2
votes

Here is a subset of the language I want to parse:

  • A program consists of statements
  • A statement is an assignment: A = "b"
  • Assignment's left side is an identifier (all caps)
  • Assignment's right side is a string enclosed by quotation marks
  • A string supports string interpolation by inserting a bracket-enclosed identifier (A = "b[C]d")

So far this is straight forward enough. Here is what works:

Lexer:

lexer grammar string_testLexer;

STRING_START: '"' -> pushMode(STRING);
WS: [ \t\r\n]+  -> skip ;
ID: [A-Z]+;
EQ: '=';

mode STRING;

VAR_START: '[' -> pushMode(INTERPOLATION);
DOUBLE_QUOTE_INSIDE: '"' -> popMode;
REGULAR_STRING_INSIDE: ~('"'|'[')+;


mode INTERPOLATION;
ID_INSIDE: [A-Z]+;
CLOSE_BRACKET_INSIDE: ']' -> popMode;

Parser:

parser grammar string_testParser;

options { tokenVocab=string_testLexer; }

mainz: stat *;
stat: ID EQ string;

string: STRING_START string_part* DOUBLE_QUOTE_INSIDE;
string_part: interpolated_var | REGULAR_STRING_INSIDE;
interpolated_var: VAR_START ID_INSIDE CLOSE_BRACKET_INSIDE;

So far so good. However there is one more language feature:

  • if there is no valid identifier (that is all caps) in the brackets, treat as normal string.

Eg:

A = "hello" => "hello"
B = "h[A]a" => "h", A, "a"
C="h [A] a" => "h ", A, " a"
D="h [A][V] a" => "h ", A, V, " a"
E = "h [A] [V] a" => "h ", A, " ", V, " a"
F = "h [aVd] a" => "h [aVd] a"
G = "h [Va][VC] a" => "h [Va]", VC, " a"
H = "h [V][][ff[Z]" => "h ", V, "[][ff", Z

I tried to replace REGULAR_STRING_INSIDE: ~('"'|'[')+; With just REGULAR_STRING_INSIDE: ~('"')+;, but that does not work in ANTLR. It results in matching all the lines above as strings.

Since in ANTLR4 there is no backtracking to enable I'm not sure how to overcome this and tell ANTLR that if it did not match the interpolated_var rule it should go ahead and match REGULAR_STRING_INSIDE instead, it seems to always chose the latter.

I read that lexer always matches the longest token, so I tried to lift REGULAR_STRING_INSIDE and VAR_START as a parser rules, hoping that alternatives order in the parser will be honoured:

r: REGULAR_STRING_INSIDE
v: VAR_START

string: STRING_START string_part* DOUBLE_QUOTE_INSIDE;
string_part: v ID_INSIDE CLOSE_BRACKET_INSIDE | r;

That did not seem to make any difference at all.

I also read that antlr4 semantic predicates could help.
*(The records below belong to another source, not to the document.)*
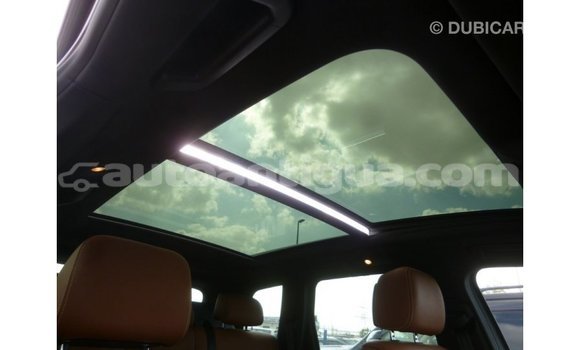 Buy Import Volkswagen Touareg Brown Car in Import - Dubai in Antigua Buy Import Volkswagen Touareg Brown Car in Import - Dubai in Antigua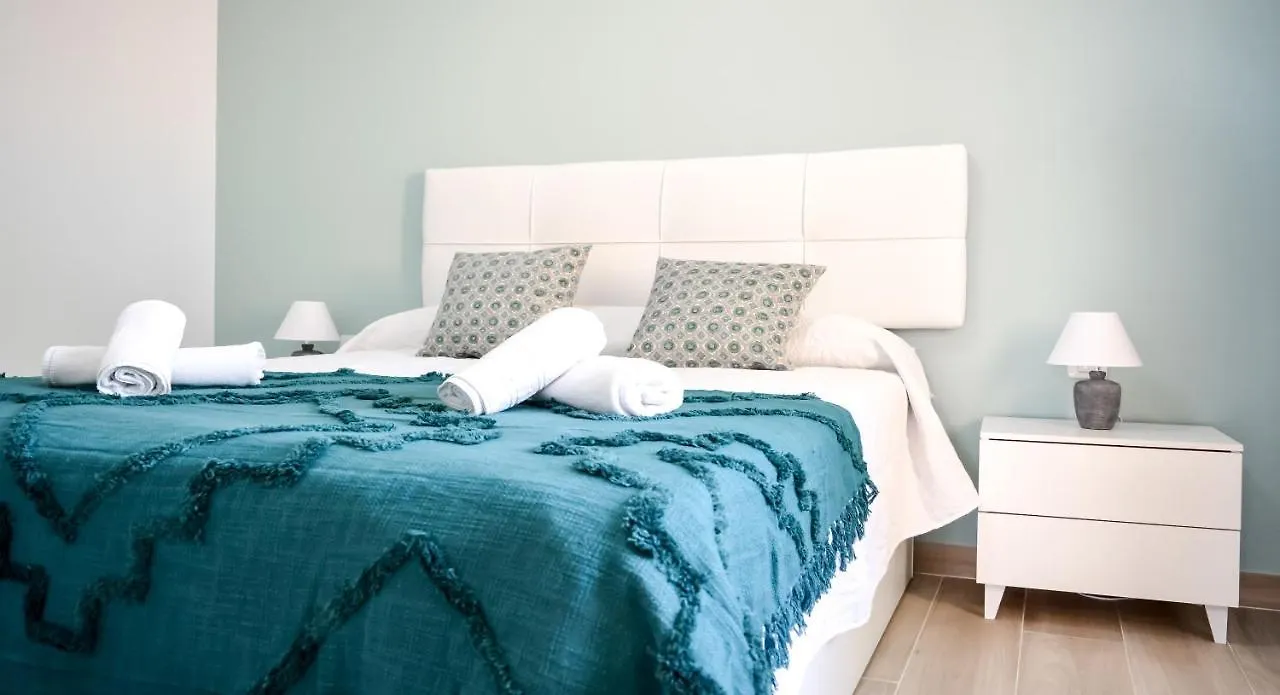 Casa Bella By Best Holidays Fuerteventura Corralejo Spain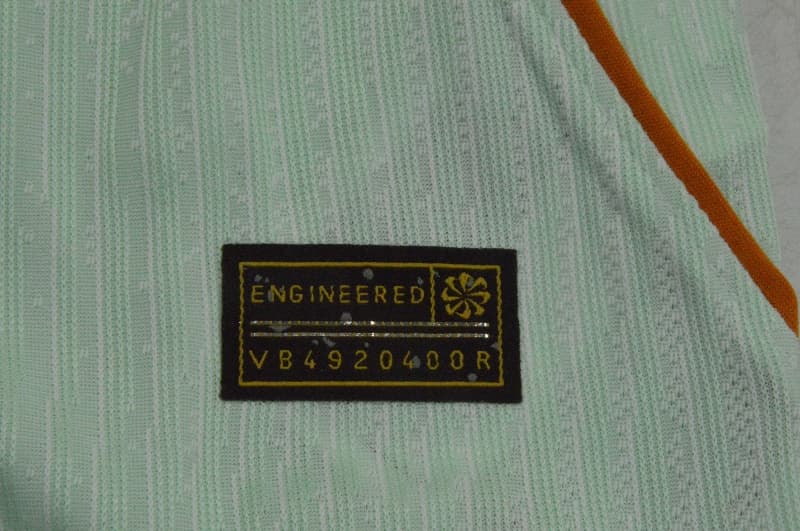 AAA(Thailand) France 2026 World Cup Away Long Sleeve Soccer Jersey (Player)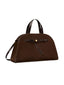 Borse a mano Donna Tory Burch - Bauòetto Dark Cocoa - Marrone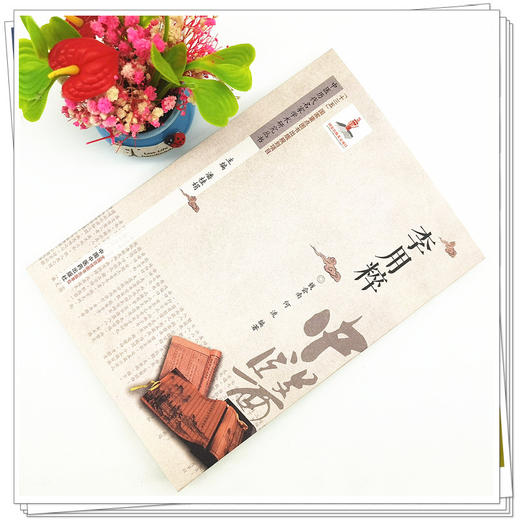 【出版社直销】李用粹 中医历代名家学术研究丛书 潘桂娟 主编 中国中医药出版社 中医临床 书籍 商品图2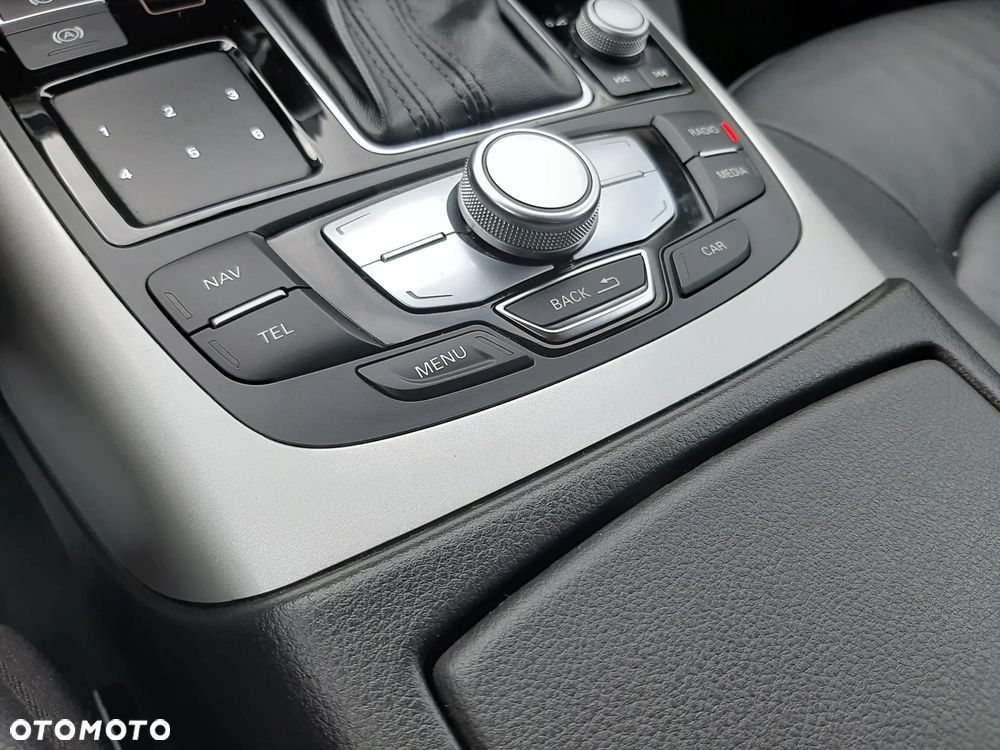 Audi A6 Avant 2.0 TDI Ultra S tronic - 22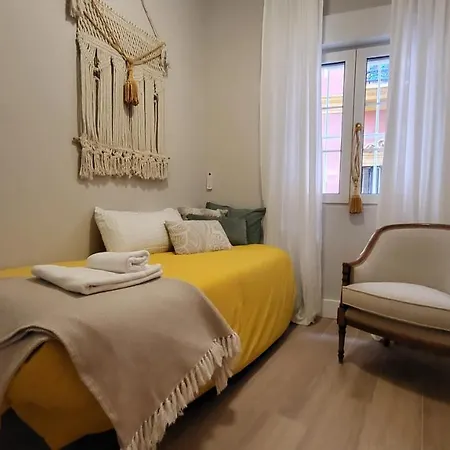 Apartamento Rentalsevilla En La Plaza Del Salvador *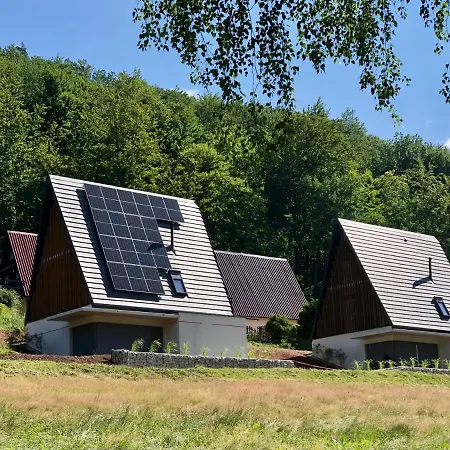 Appartement Bosarosa - Nad Zalewem *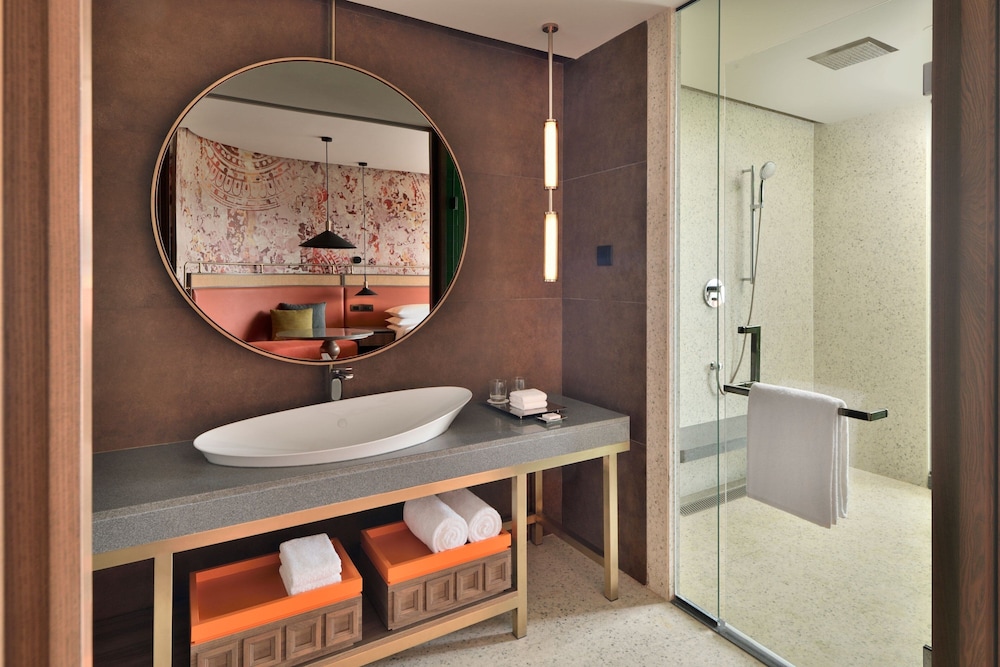 The Artiste Kochi, a Tribute Portfolio Hotel 48/50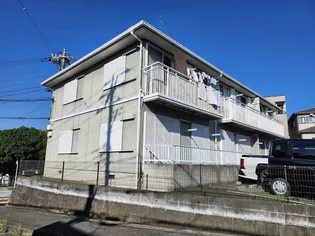 リ-ベ高部の外観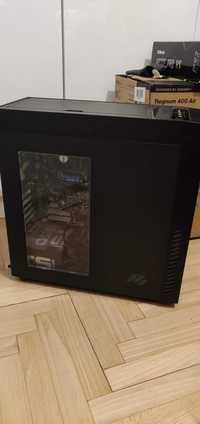 AMD phenom ii x4 955, 16GB RAM + obudowa + zasilacz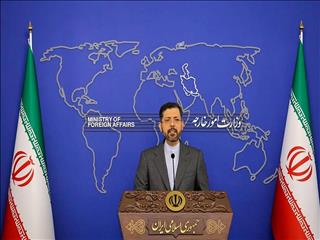 می توانیم به وین برگردیم اگر آمریکا تصمیم بگیرد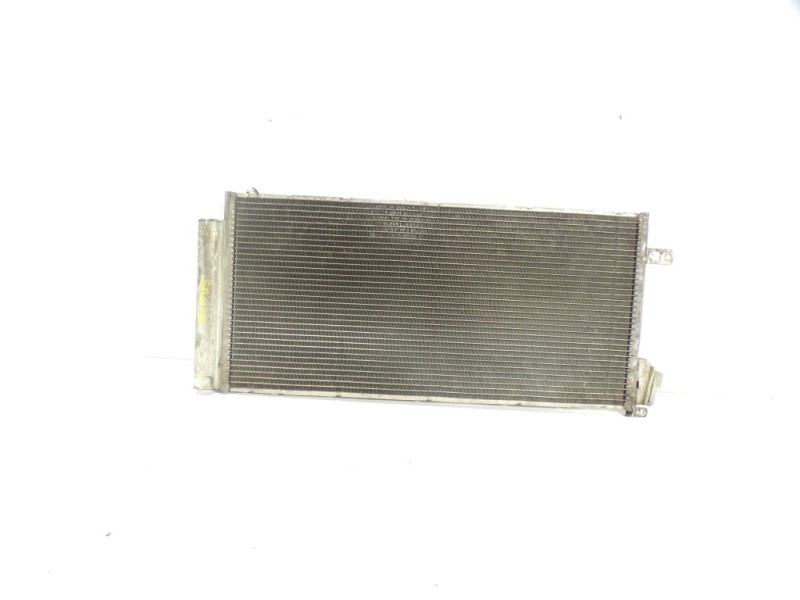 Recambio de condensador aire acondicionado para opel combo d 1.3 16v cdti referencia OEM IAM 95510682  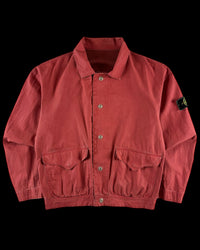 Reversible Tela Stella Jacket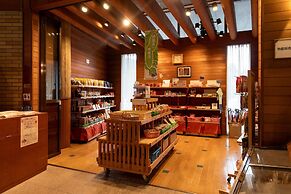 Fureai no Yado Yu-yu NASA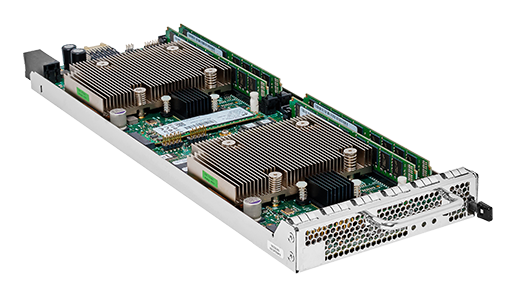 MSP8022 MODULAR SERVER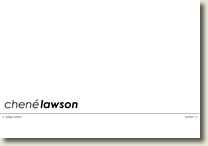 Chene Lawson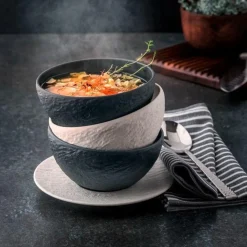 Villeroy & Boch Thailändische Küche|Bol 0,43 l Manufacture Rock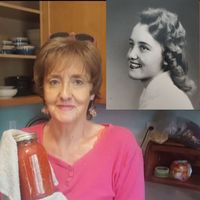 Patricia \"Pat\" Witman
But I have troubles coming up with the ones that needs to be applied in this case.

How do I modify this grammar above so that it can match both interpolated bits, or treat them as strings if they are malformed?

Test input:

A = "hello"
B = "h[A]a"
C="h [A] a"
D="h [A][V] a"
E = "h [A] [V] a"
F = "h [aVd] a"
G = "h [Va][VC] a"
H = "h [V][][ff[Z]"

How I compile / test:

antlr4 string_testLexer.g4
antlr4 string_testParser.g4
javac *.java
grun string_test mainz st.txt -tree
1

1 Answers

1
votes

I tried to replace REGULAR_STRING_INSIDE: ~('"'|'[')+; With just REGULAR_STRING_INSIDE: ~('"')+;, but that does not work in ANTLR. It results in matching all the lines above as strings.

Correct, ANTLR tries to match as much as possible. So ~('"')+ will be far too greedy.

I also read that antlr4 semantic predicates could help.

Only use predicates as a last resort. It introduces target specific code in your grammar. If it's not needed (which in this case it isn't), then don't use them.

Try something like this:

REGULAR_STRING_INSIDE
 : ( ~( '"' | '[' )+ 
   | '[' [A-Z]* ~( ']' | [A-Z] ) 
   | '[]'
   )+
 ;

The rule above would read as:

  1. match any char other than " or [ once or more
  2. OR match a [ followed by zero or more capitals, followed by any char other than ] or a capital (your [Va and [aVd cases)
  3. OR match an empty block, []

And match one of these 3 alternatives above once or more to create a single REGULAR_STRING_INSIDE.

And if a string can end with one or mote [, you may also want to do this:

DOUBLE_QUOTE_INSIDE
 : '['* '"' -> popMode
 ;